Paul Prudhomme
Paul Prudhomme (AP Photo/Bill Haber, File)
loading...

At his New Orleans restaurant, legendary chef Paul Prudhomme proudly showed off dishes and ingredients from his upbringing in Louisiana's rural Cajun country: blackened redfish, jambalaya and sweet potato pecan pie drew diners by the droves to his K-Paul's Louisiana Kitchen.

Such fare, in turn, helped helped launch Prudhomme as a culinary superstar who brought Cajun cuisine into the mainstream. At a time when the country's top restaurants served virtually nothing but European food, Prudhomme's message to diners and other chefs was simple.

Prudhomme died Thursday after a brief illness. He was 75.

"'Be proud of our local cuisine, local culture, local accents.' Paul was the catalyst that made that happen," said fellow New Orleans chef John Folse.

Folse is one of the legions of culinary masters and Cajun food fans who are mourning the loss of Prudhomme.

In 1979, Prudhomme opened K-Paul's Louisiana Kitchen, a French Quarter diner that served the meals of his childhood and helped launch him into culinary superstardom.

The distinctly American chef had no formal training, but he stirred up a nationwide appetite for Cajun food by serving dishes - gumbo, etouffee and jambalaya - that were once largely unknown outside Louisiana.

"He was always on a mission and nothing was impossible for Paul. He did things his way and let the food speak for itself," said chef Frank Brigtsen, who worked for Prudhomme for seven years. "He changed the way we eat in New Orleans in a major way, by bringing Acadian or Cajun cuisine to the restaurants of the city."

Prudhomme was known for his innovations. His most famous dishes used the technique he called blackening: fish or meat coated with spices, then seared until black in a white-hot skillet. Blackened redfish became so popular, Prudhomme lamented, that customers stopped ordering the traditional Cajun dishes he loved to prepare.

"We had all this wonderful food, we raised our own rabbit and duck, and all anyone wanted was blackened redfish," he said in a 1992 interview.

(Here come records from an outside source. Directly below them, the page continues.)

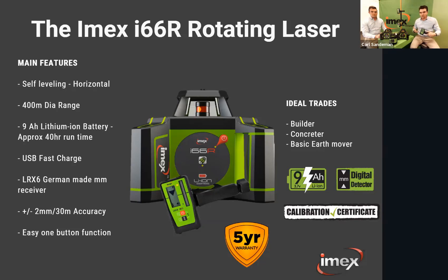The LRX6 receiver has dual-face display on the back so you can see your measurement when using it out in front. Get it out and have a play around to understand how handy this little section is. The i66R is great for general concreting, general building, setout work, and basic earthmoving — ideal for just getting level. It is horizontal only and doesn't have a manual grade function, which the i77R adds.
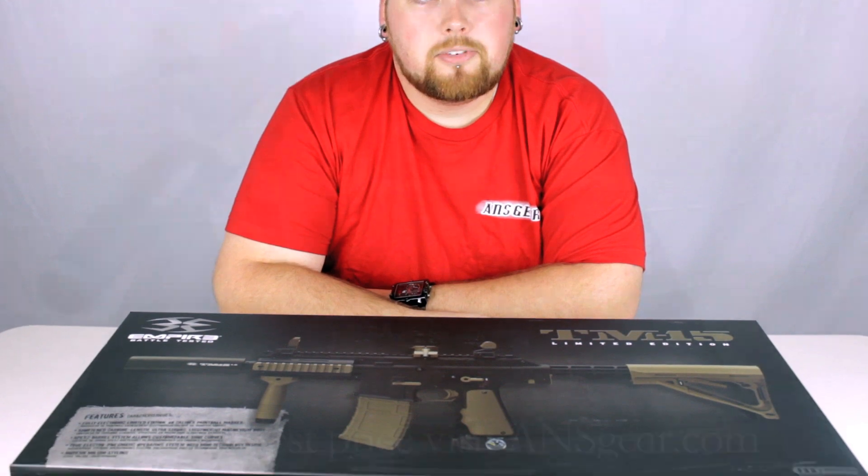Hey guys, it's DJ with ANSGear.com and this is the BT Limited Edition TM15.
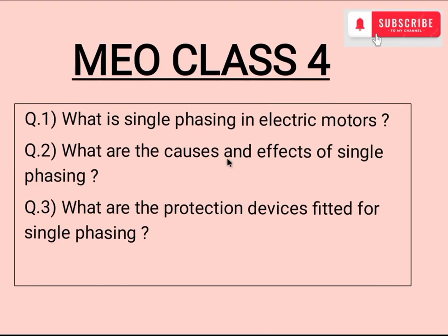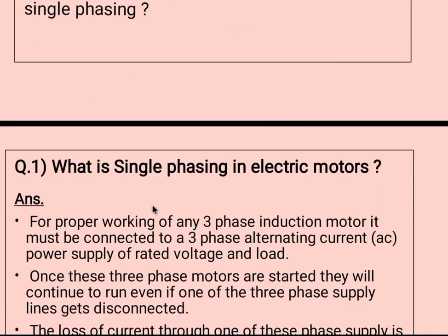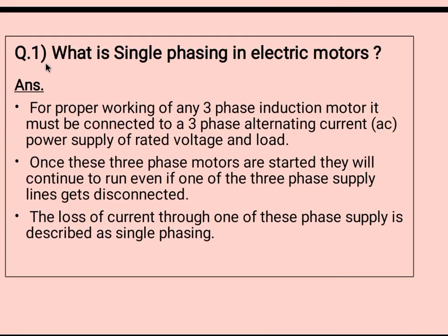Hello everyone, welcome to my YouTube channel Seafarer Live. In this video we will see one of the most important topics which surveyors ask all the time in our electrical exam. I have divided this topic into three questions: what is single phasing, the causes and effects of single phasing, and the protection device fitted for single phasing. We will see them one by one. The first question is: what is single phasing in electric motors?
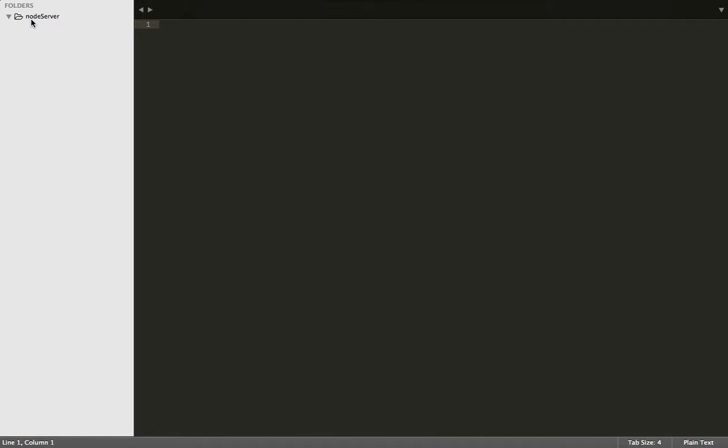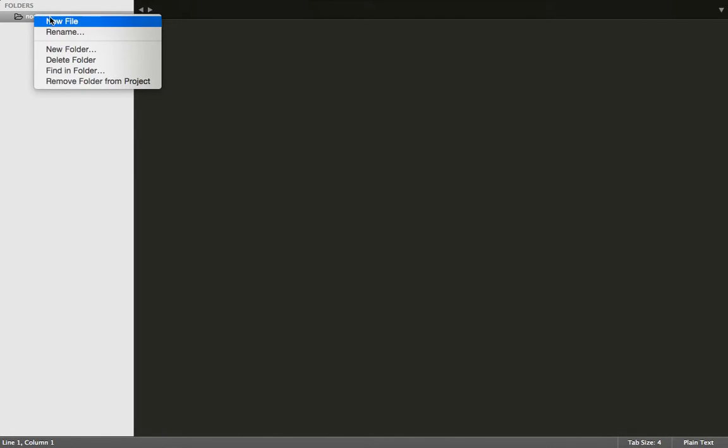Hello ladies and gentlemen, my name is Isaac and today I'm going to be building a basic Node.js server by connecting to the localhost port 3000. If you've never connected a server in Node, it's fairly simple. First we need to create a package.json file in our main directory.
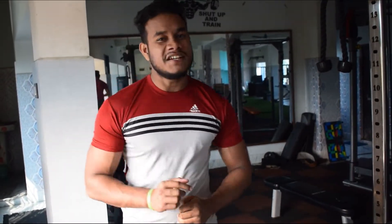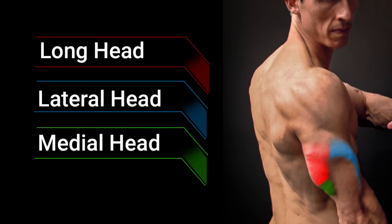The first topic is tricep anatomy. The tricep is made up of three muscles: the long head, the medial head, and the lateral head. These three muscles work together to increase the size of your tricep.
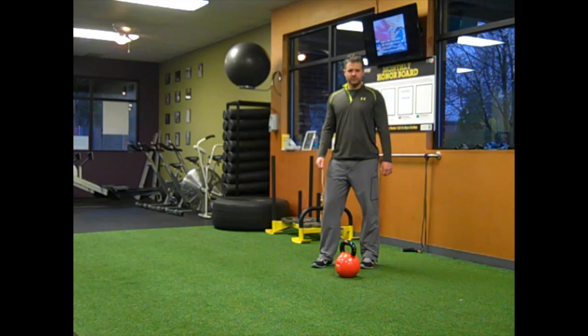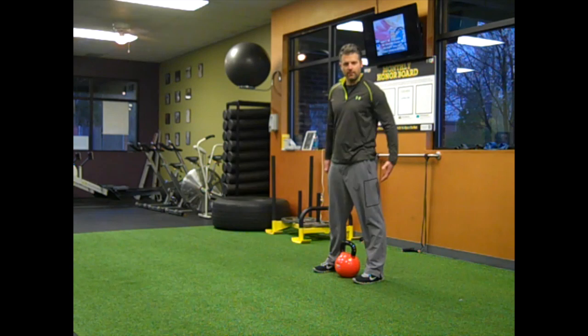Today we're going to talk about the kettlebell deadlift. This is a hip-dominant exercise working our posterior chain back through the hamstrings, through the glutes, and up into the low back a little bit.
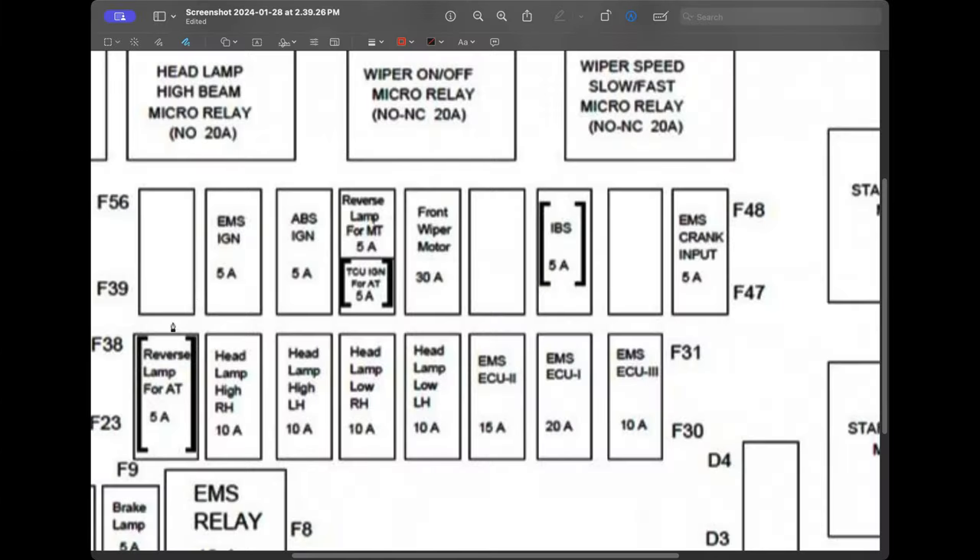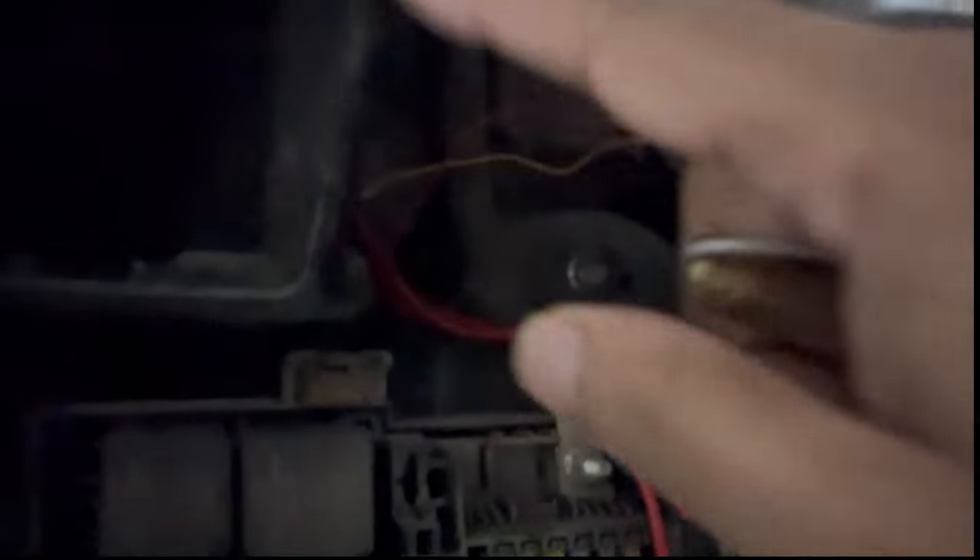Locate the correct fuse for continuous power supply and power supply when ignition is on. I have selected the reverse lamp and EMS ignition. You can see I have marked all the fuses with positive and negative in this video. The positive terminal of the hardwired kit is connected to the positive terminal of the fuse. Now both continuous power supply and ignition-on wires are connected to the fuse box.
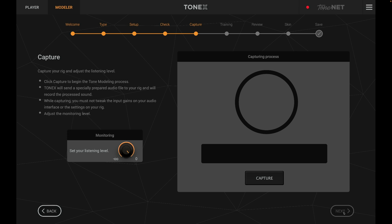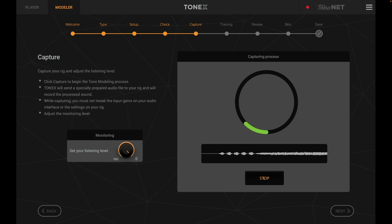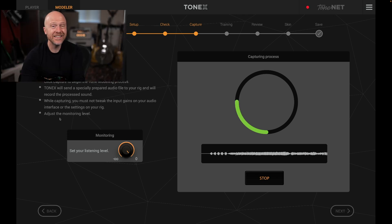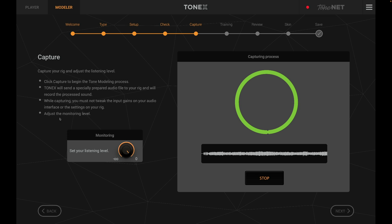Here's where we actually do the capture. I'm going to push Capture — this is where Tonex sends a bunch of tones into your amplifier to capture what it sounds like. It took about five minutes to complete the capture process. We've finished the capture: it played a bunch of tones and guitar parts into my amplifier and captured the sound.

Prudhomme was raised by his sharecropper parents on a farm near Opelousas, in Louisiana's Acadiana region. The youngest of 13 children, he spent much of his time in the kitchen with his mother, whom he credited for developing his appreciation of rich flavors and the fresh vegetables, poultry and seafood that she cooked.

"With her I began to understand about seasoning, about blending taste, about cooking so things were worth eating," he said.

After high school, Prudhomme traveled the country cooking in bars, diners, resorts and hotel restaurants.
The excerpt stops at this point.